To stay ahead, institutions need capabilities that go beyond compliance checklists and instead enable continuous, context-aware decision-making:

· Real-time transaction monitoring that can flag anomalous behavior instantly, without interrupting the flow of legitimate payments.
· Dynamic risk scoring that adapts based on behavioral patterns, geographies, counterparties, and emerging typologies—rather than relying on static thresholds.
· Entity resolution and network analytics to uncover indirect relationships, such as those relevant to OFAC’s 50% rule or EU ownership controls.
· Explainable AI models, which allow compliance teams to understand and justify decisions—essential for audits, regulatory scrutiny, and internal confidence.
· Automated screening against sanctions, PEP, and adverse media lists—capable of handling volume without inflating false positives.
· Integrated data infrastructure that brings together third-party risk data, internal transaction data, and structured customer profiles in a single view.

Most importantly, these capabilities must be aligned with a financial institution’s specific risk exposure and business model. AI that’s misaligned with regulatory expectations or internal controls can create more risk, not less.

The most forward-thinking financial institutions are now experimenting with regulatory sandboxes, exploring the use of large language models for deep research tasks, and investing in tooling that can minimize “hallucinations” while maximizing transparency.

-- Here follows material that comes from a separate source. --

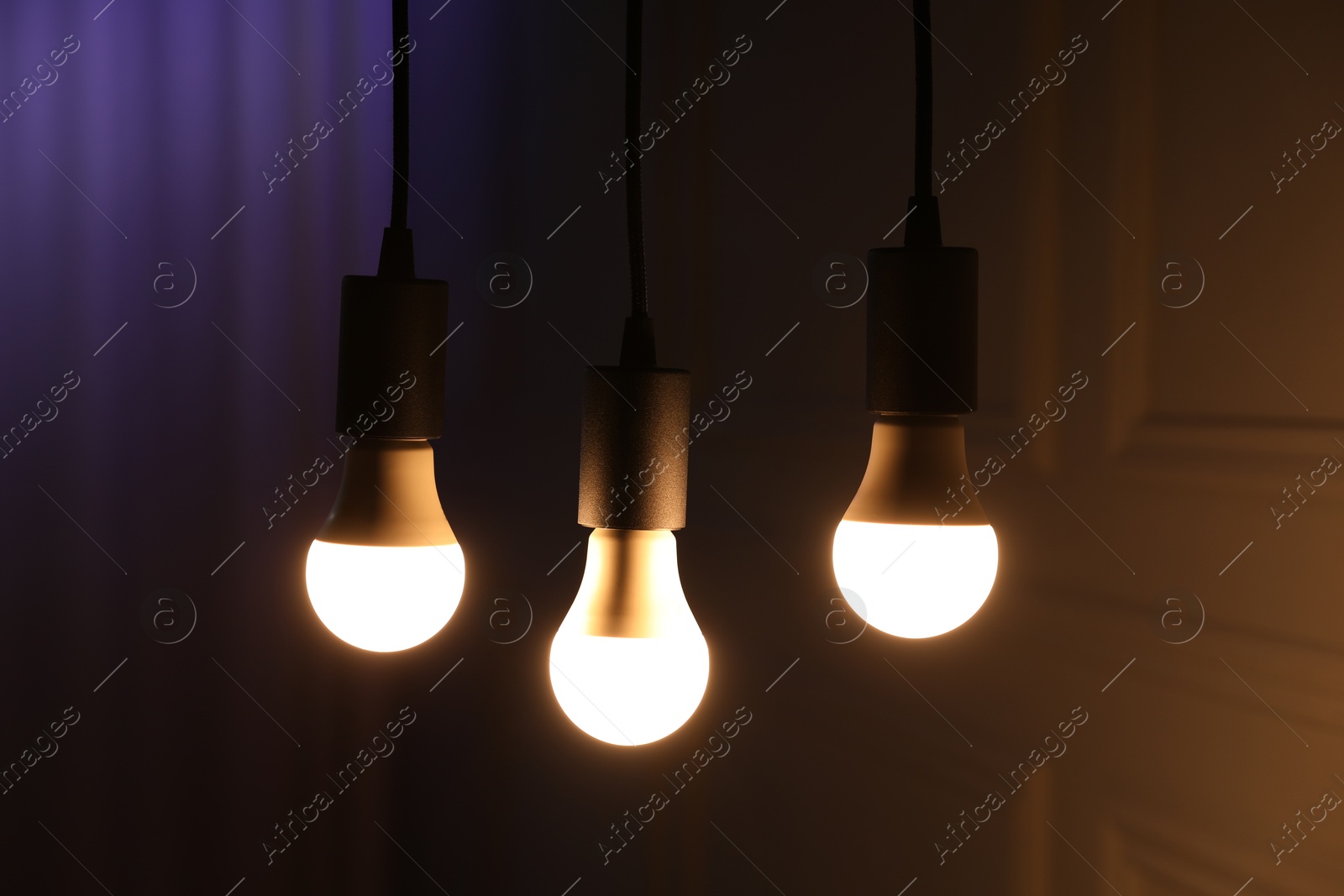 Photo of Glowing light bulbs hanging near wall, closeup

Before adopting any AI or machine learning system, institutions should perform a maturity and readiness assessment. This includes understanding the regulatory environment, mapping internal data flows, and defining clear business objectives. Innovation can only succeed when it’s tied to both operational relevance and regulatory resilience.

In short, waiting for clarity from regulators on instant payments isn’t a viable strategy. In an increasingly cashless society with instant payments, innovation must be proactive, tested, and measurable from day one.